→ **TASK TO CARRY OUT**
Repeat the data word for word and skip the pictures.

→ **AVAILABLE DATA**
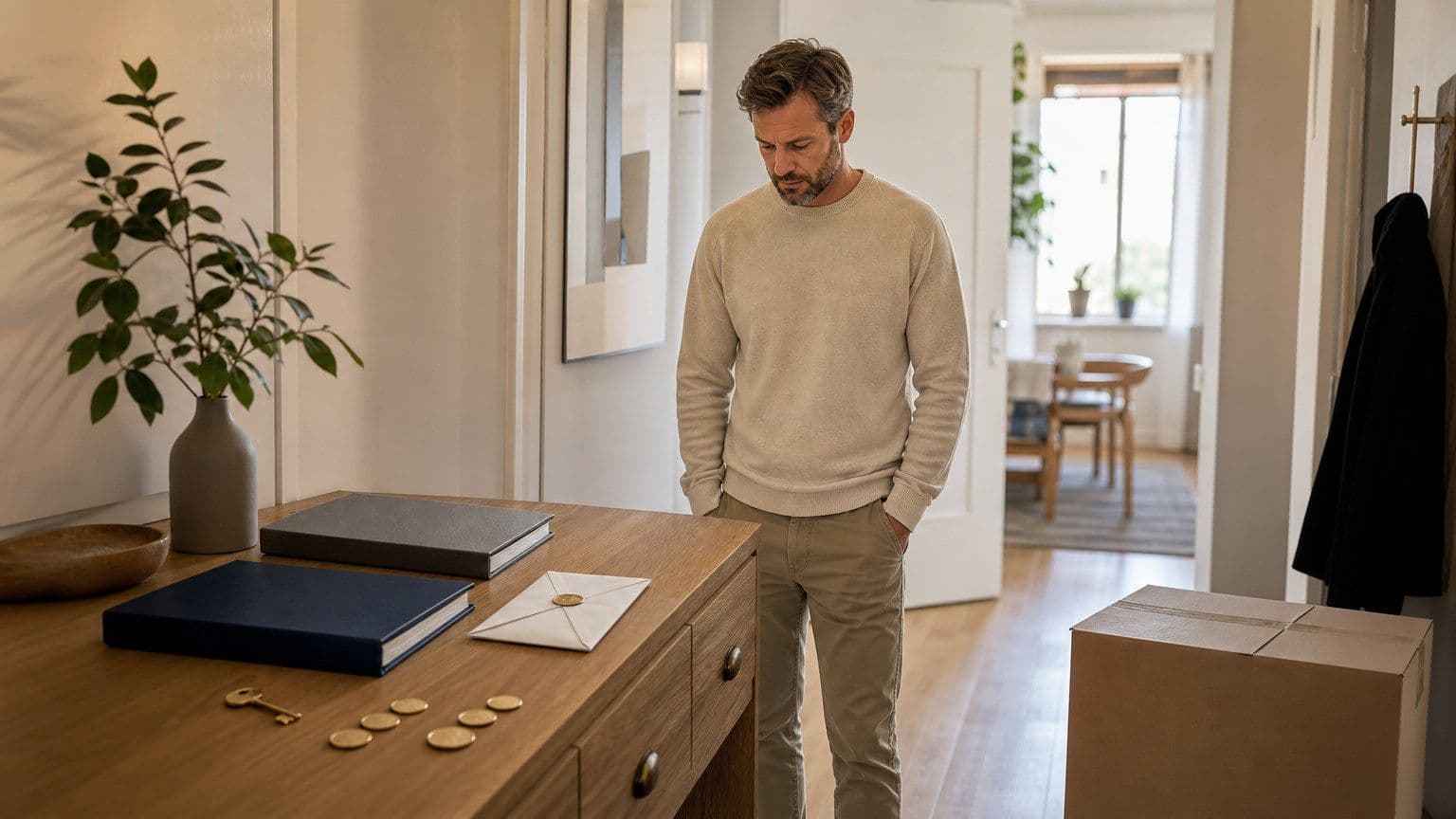 En svensk bolånetagare jämför gamla och nya bolånevillkor inför ett bankbyte.
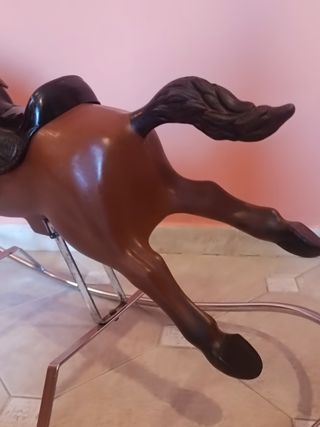 Cavalluccio a dondolo anni 70 Cavallo Giocattolo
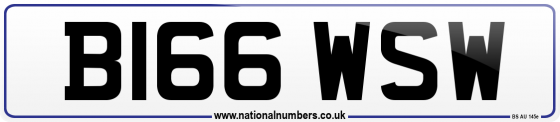 B166 WSW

→ **FINISHED EXERCISE**
 En svensk bolånetagare jämför gamla och nya bolånevillkor inför ett bankbyte.
 Cavalluccio a dondolo anni 70 Cavallo Giocattolo
 B166 WSW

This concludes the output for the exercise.